Former kingdom in west Central Africa

Ngoyo was a kingdom of the Woyo ethnic group, located in the south of Cabinda and on the Atlantic coast of Central Africa, just north of the Congo River. In the 13th century it formed part of a confederation led by Vungu. Ngoyo tradition held that the kingdom's ancestors were among the earliest settlers in the area, leading their chiefs to title themselves the nfumu nsi ("lords of the earth"). The capital was Mbanza Ngoyo.

In the 1630s Ngoyo was invaded by the forces of Soyo, and the son of the ruler of Soyo was installed as ruler of Ngoyo. It is not clear who the following rulers were for the next few decades.

In the 1680s Ngoyo had various relations with Soyo. It also had several English merchants present. When Antonio II Baretto da Silva invaded, the English forces tried to stop him and protect the interests of Ngoyo, but they were unsuccessful and Baretto da Silva imposed for peace terms.

By 1700, Cabinda had become the leading slave port north of Luanda, and Ngoyo's economy rested heavily on the sale of slaves.

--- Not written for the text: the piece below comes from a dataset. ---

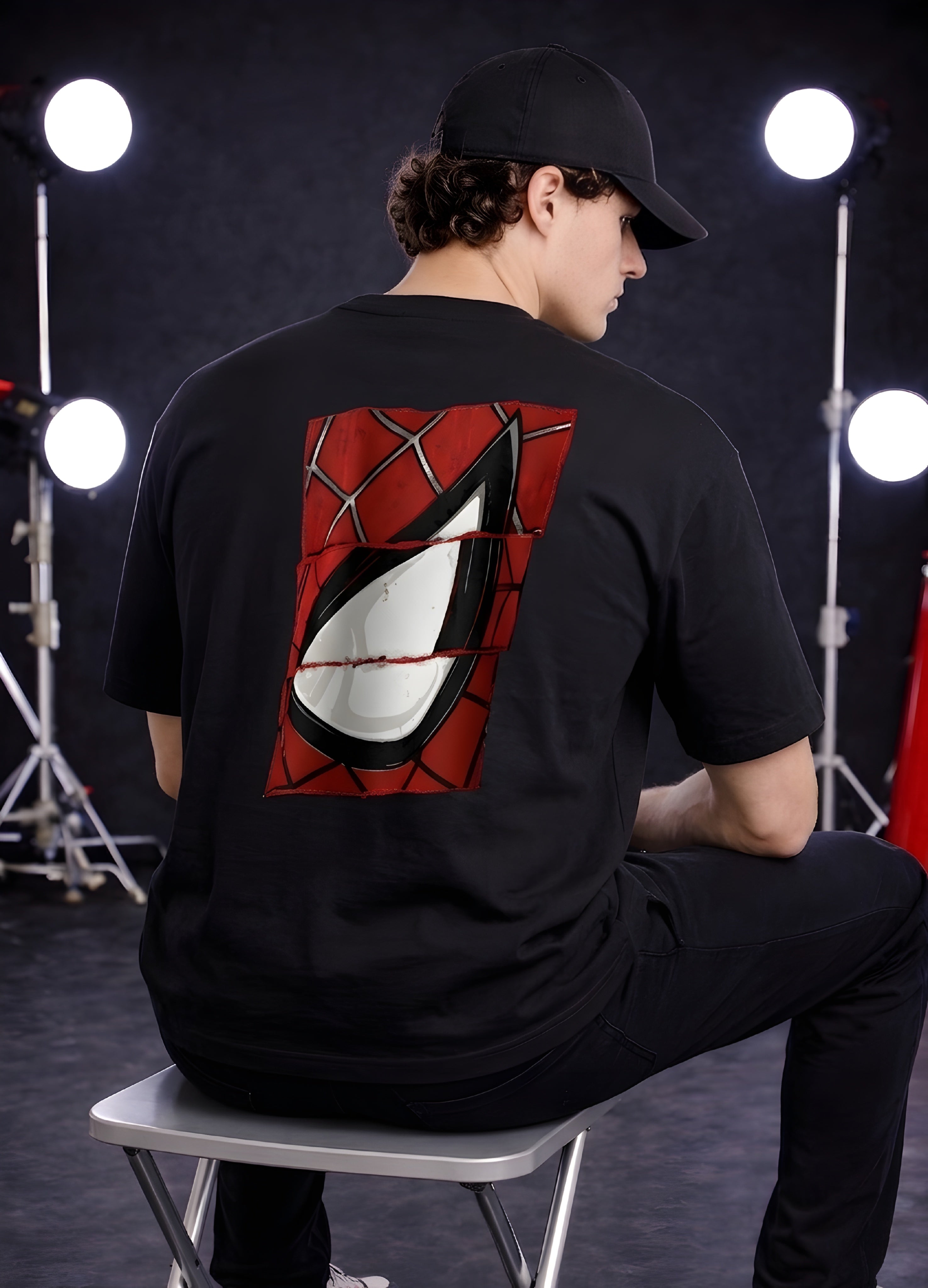 Broken Web Eye Tee Oversized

In 1783, Ngoyo joined forces with the neighboring state of Kakongo to destroy a Portuguese fort. However, the kingdom was soon undone by the growing financial burden that the kingship entailed. With fewer and fewer possible claimants seeking the office, the kingdom effectively disintegrated in the 1830s after the nobles failed to elect a new king. In 1885, the Ngoyo signed the Treaty of Simulambuco with Portugal, and became a protectorate of that nation.